Après la file d’attente habituelle du Grand Palais, nous nous retrouvons dans un espace restreint. Il y a toujours autant de monde, et ce n’est pas l’idéal pour apprécier les photographies. On est parfois attroupé dans des recoins. Les salles sont plutôt petites, les photographies sont accrochées en deux rangées. Il y en même au dessus des ouvertures. Pour voir l’extrait de Helmut by June, on a presque l’impression d’être les uns sur les autres. Le musée d’Helmut Newton à Berlin m’avait laissé une meilleure impression.
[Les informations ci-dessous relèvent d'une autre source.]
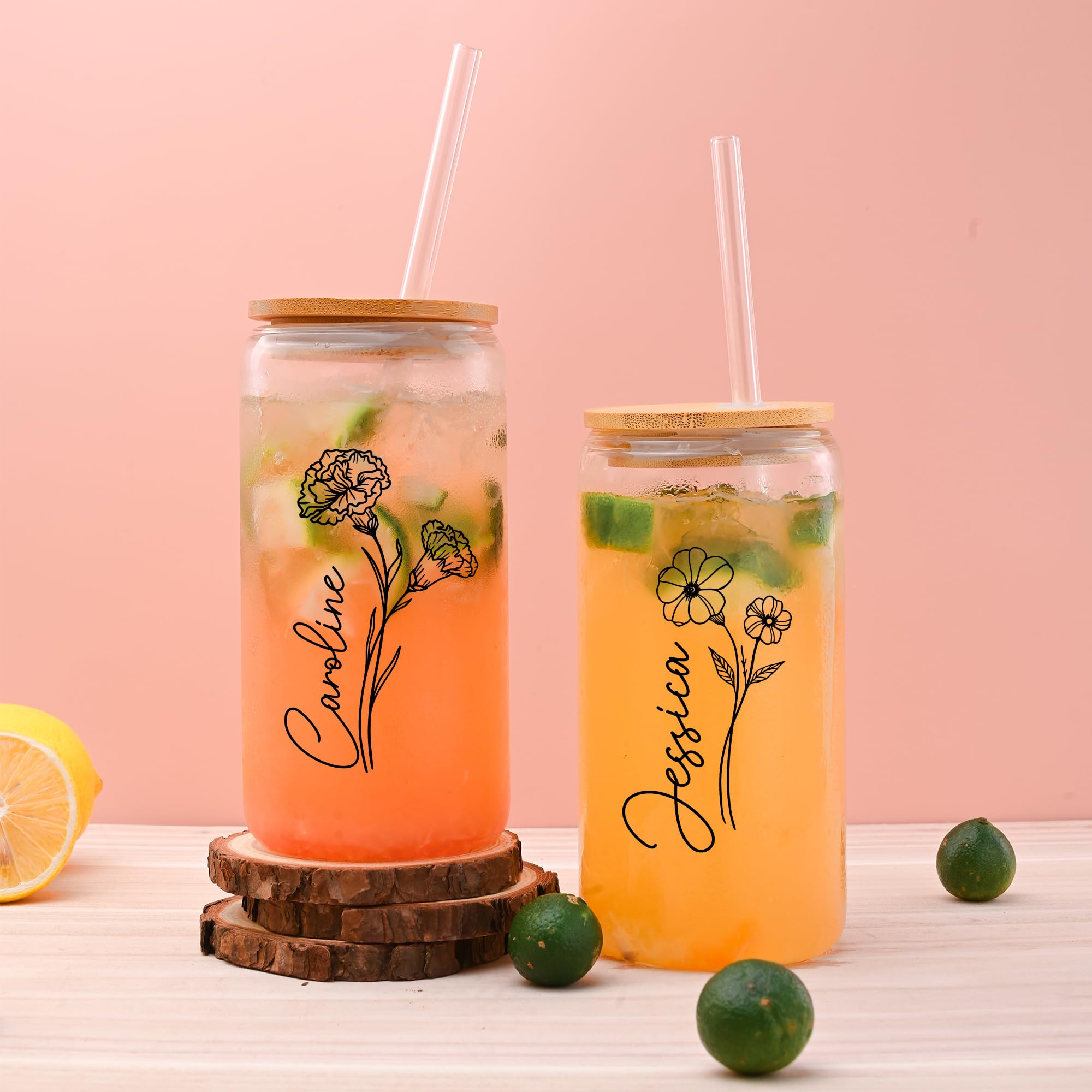 Personalized 20oz Glass Tumbler with Straw & Lid - Custom Name Engraved, Birth Month Flower Design - Perfect for Iced Coffee, Water & Tea - Great Gift for Women, Mom, Teachers (Birthday, Mother's Day, Anniversary) - Ideal for Office, Home, Gym & Travel Use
J’ai trouvé que la disposition manquait de fluidité. Cependant, les diapositives d’Helmut Newton m’ont marquée par leur qualité. J’ai trouvé que l’exposition manquait d’archives, hormis quelques couvertures de magazines, on y apprend quelques anecdotes.
« Je suis très attirée par le mauvais goût, plus excitant que le prétendu bon goût qui n’est que la normalisation du regard. […] Les mouvements sado-maso, par exemple, me paraissent toujours très intéressants ; j’ai en permanence dans le coffre de ma voiture des chaînes et des menottes non pas pour moi mais pour mes photos. » Conférence de presse, Autriche, 1984
La femme newtonienne tient une des places les plus importantes de l’exposition. Elle nous est révélée comme une femme forte, séductrice, voir dominatrice. Elle semble toujours avoir le contrôle. La série Elles arrivent de 1981 est pour moi la plus révélatrice de cet état d’esprit. Leur démarche exprime une réelle détermination, le spectateur se sent ainsi troublé, presque mis à nu.  

«Sie kommen, Naked & Dressed», Helmut Newton, Paris, 1981. 
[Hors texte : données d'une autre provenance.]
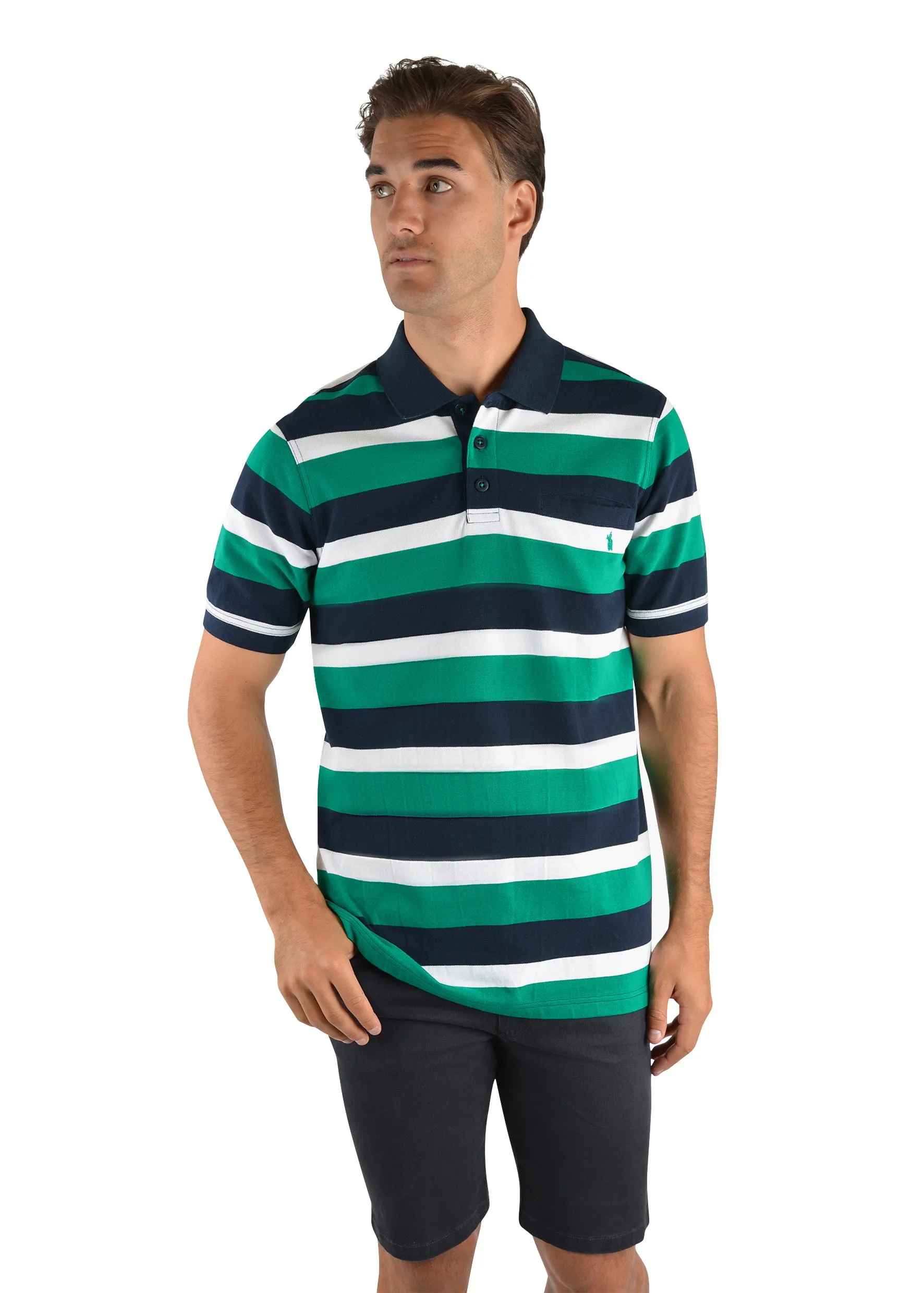 Thomas Cook Men's Bracher 1-Pocket Short Sleeve Polo - Navy/Green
Certains clichés moins connus permettent de saisir l’ampleur du travail d’Helmut Newton, mais aussi sa vision de l’Homme en général. Chaque salle reflète un moment de sa carrière avec plus ou moins d’audace. L’exposition met bien en exergue la diversité des photographies. Sans doute dû au fait que pour Newton, une photographie de mode ne doit pas ressembler à une photographie de mode. La salle des portraits est marquante, les mises en scènes sont parfois impitoyables. Les modèles rivalisent de vanité. Les portraits sont pour la plupart en grand format, ainsi ces personnages qui semblent encore plus dérangeants et interrogateurs.
« Je photographie les gens que j’aime et que j’admire, ceux qui sont célèbres, et surtout ceux qui le sont pour de mauvaises raisons. »
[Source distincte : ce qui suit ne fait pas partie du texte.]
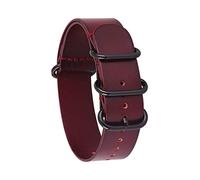 TikTako 18mm/20mm/22mm/24mm NATO Lederband Ring Buckle Männer Ersatz-Handgelenk-Band-Armband Wein-Rot-Schwarz, 16mm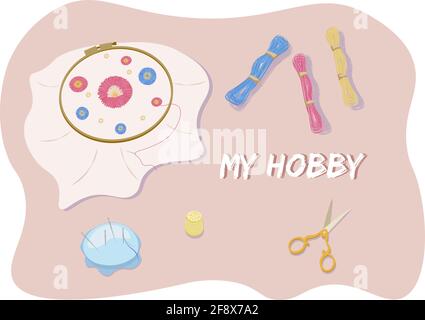 Vector set of embroider tools,scissors and pillow with needles. Stock Vector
«Jean-Marie Le Pen», Helmut Newton, Paris, 1997.

En 1997, Helmut Newton a notamment photographié Jean-Marie Le Pen pour le New Yorker. Ce dernier pose avec ses dobermans. Il a une main dans le collier d’un des chiens et la tête haute. Le sentiment prépondérant de ce portrait est une domination et un côté dédaigneux. Helmut Newton déclarera qu’il avait naïvement accepté de poser avec ses chiens. Cette photographie est souvent comparée à une photographie d’Hitler avec son doberman. Helmut Newton fait sans cesse ressortir le caractère prédominant de ses modèles. Il peut le magnifier comme être impitoyable avec lui.

«Fred, le taureau», Helmut Newton, Ecosse, 1995.